And Dominique de Williencourt had the great idea of asking Jean Ferrandis, a superb flutist and conductor, to join him in a well thought out program of baroque and contemporary music. They started with a Vivaldi sonata “Il Pastor Fido”, then played a movement of Japanese composer Yuko Uebayashi‘s suite for flute and cello, a pure beauty. Telemann’s sonata for flute alone, Bach’s suite n°3 for cello and Debussy’s “Syrinx” for flute were completed by Williencourt’s own “Etchmiadzine and Mount Ararat” and Villa Lobos’ amazing “Assobio a jato”. The 75 mn long concert was perfect in its variety and spirit and each piece was introduced by the players in a very intimate and charming way. For us the public, it was like sitting at the turn of the century in an outdoor Proustian salon.
The two soloists often play together and their connivence was obvious all along the evening. In November 2009, Ferrandis had conducted a hundred cellists at St Louis des Invalides in Paris for the creation of “Slava Valentin opus 13” by Williencourt, a 9 minute piece for a cello octet.

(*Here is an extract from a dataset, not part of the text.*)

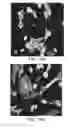 Fig. 26 - Isolation, expansion and use of clonogenic endothelial progenitor cells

To their huge talent, they added a relaxed and whimsical style which made everyone feel utterly happy. A champagne reception followed in the garden, cooled down at perfect temperature and under a full moon added to the magic of the evening.
And one felt so privileged to be the guests of this generous couple who is fighting for the preservation of turn of the century villas. If you are curious to find out more about the architecture of Belle Epoque, you can buy the book (15€) published by Hervé Couffin with the city of St Raphaël.
The next day was spent relaxing by the sea shore… in front of l’Ile d’Or well away from St Tropez’s crazy crowds.